REQUIREMENT: What you output must be the exact lines from the first line of the data through the one holding "Health and wellness", with no pictures.

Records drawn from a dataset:
== Segment start ==
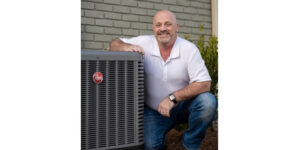 A Man Standing In Front Of A Building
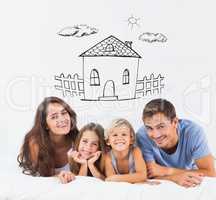 Composite image of happy family lying on a bed
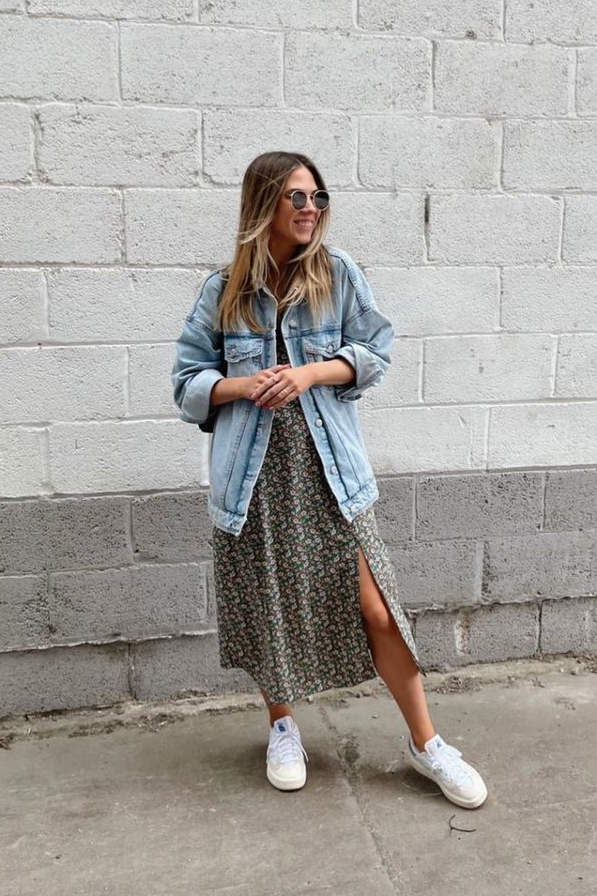 A person wearing a denim jacket over a floral print dress with a thigh-high slit and white sneakers, standing against a white brick wall.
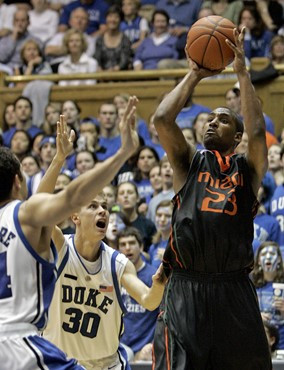 Miami's James Dews (23) shoots as Duke's Jon Scheyer (30) and David McClure, left, defend during the second half of a college basketball game in...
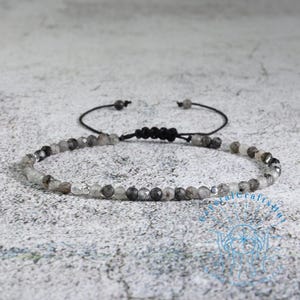 May include: A delicate bracelet featuring small, faceted beads in shades of gray and clear. The beads are strung on a black cord with an adjustable sliding knot closure. The bracelet is designed for a minimalist aesthetic.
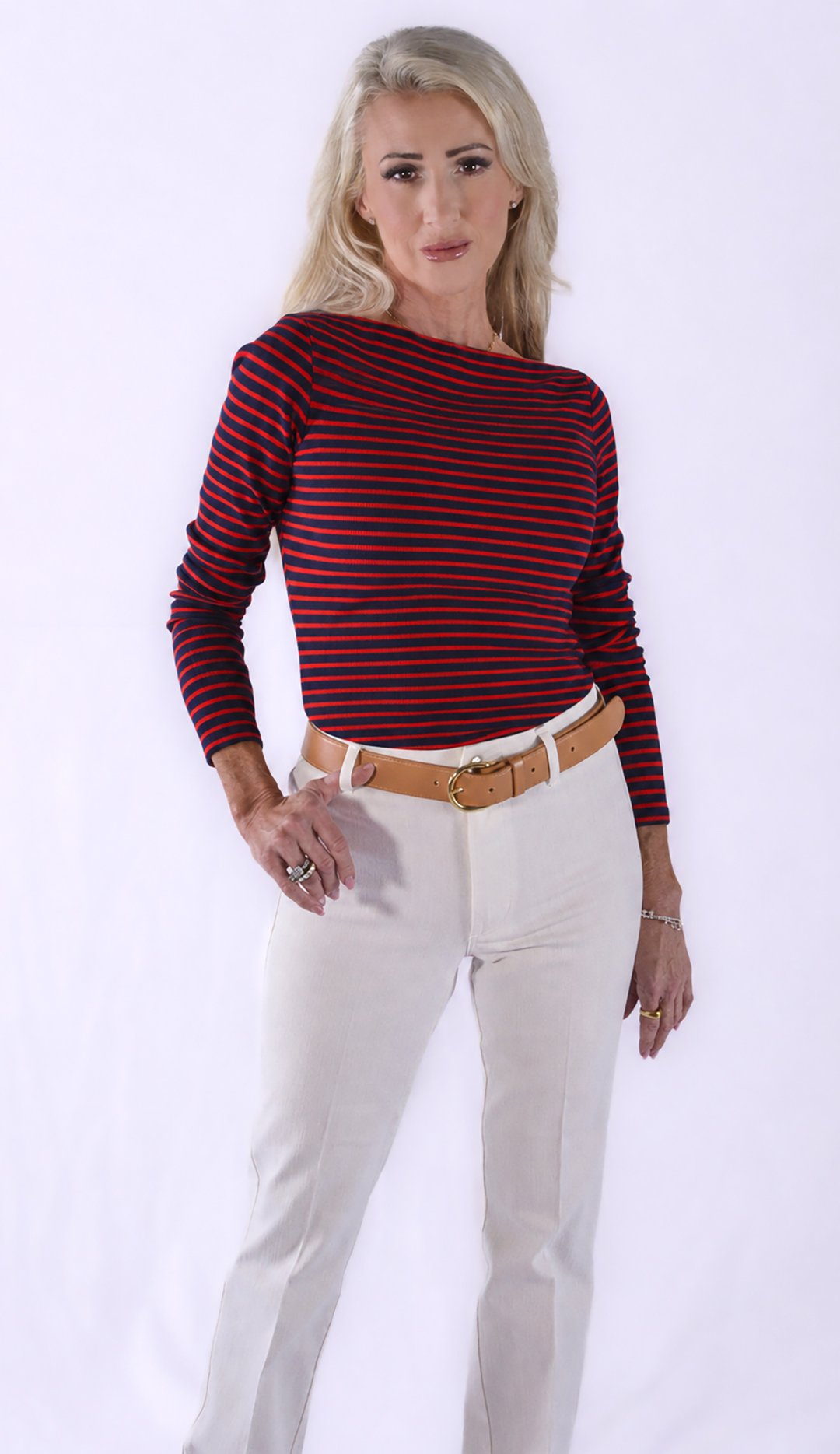 A woman with blonde hair wearing a red and navy striped long-sleeve shirt, white pants, a brown belt, and jewelry, standing against a plain white background.
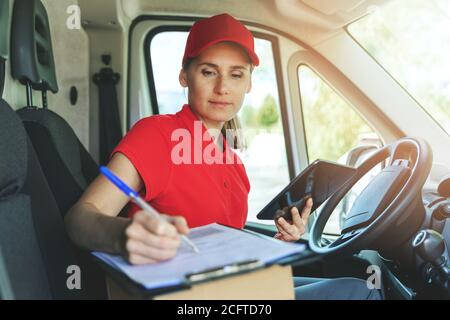Lieferperson in roter Uniform sitzt im Lieferwagen und schreibt Dokumente in der Zwischenablage Stockfoto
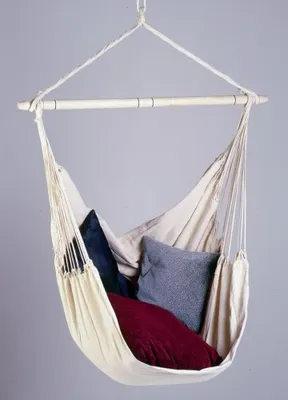 A hammock chair with pillows against a plain background.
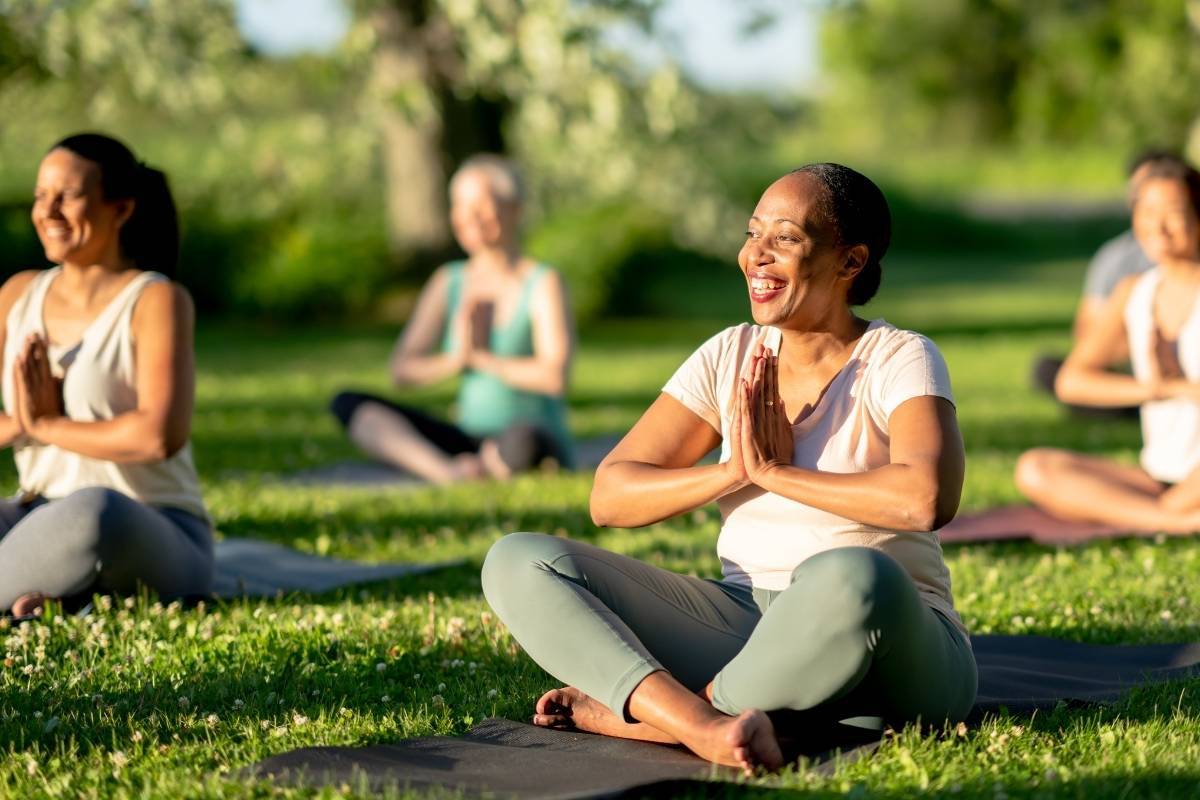 Health and wellness professionals in Sydney leading an outdoor yoga session, promoting balance, relaxation, and healthy living.
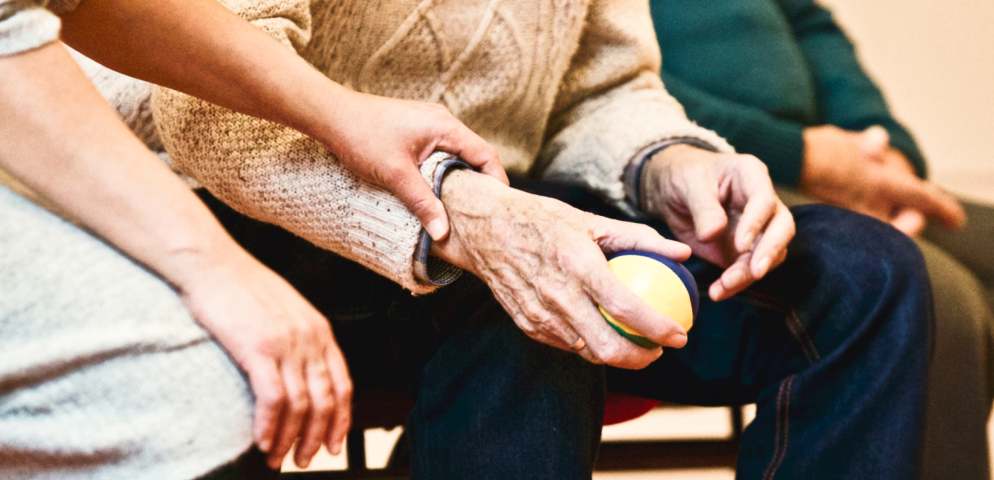 An elderly person holding a ball and being helped by a carent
== Segment end ==
OUTPUT OF THE TASK:
 A Man Standing In Front Of A Building
 Composite image of happy family lying on a bed
 A person wearing a denim jacket over a floral print dress with a thigh-high slit and white sneakers, standing against a white brick wall.
 Miami's James Dews (23) shoots as Duke's Jon Scheyer (30) and David McClure, left, defend during the second half of a college basketball game in...
 May include: A delicate bracelet featuring small, faceted beads in shades of gray and clear. The beads are strung on a black cord with an adjustable sliding knot closure. The bracelet is designed for a minimalist aesthetic.
 A woman with blonde hair wearing a red and navy striped long-sleeve shirt, white pants, a brown belt, and jewelry, standing against a plain white background.
Lieferperson in roter Uniform sitzt im Lieferwagen und schreibt Dokumente in der Zwischenablage Stockfoto
 A hammock chair with pillows against a plain background.
 Health and wellness professionals in Sydney leading an outdoor yoga session, promoting balance, relaxation, and healthy living.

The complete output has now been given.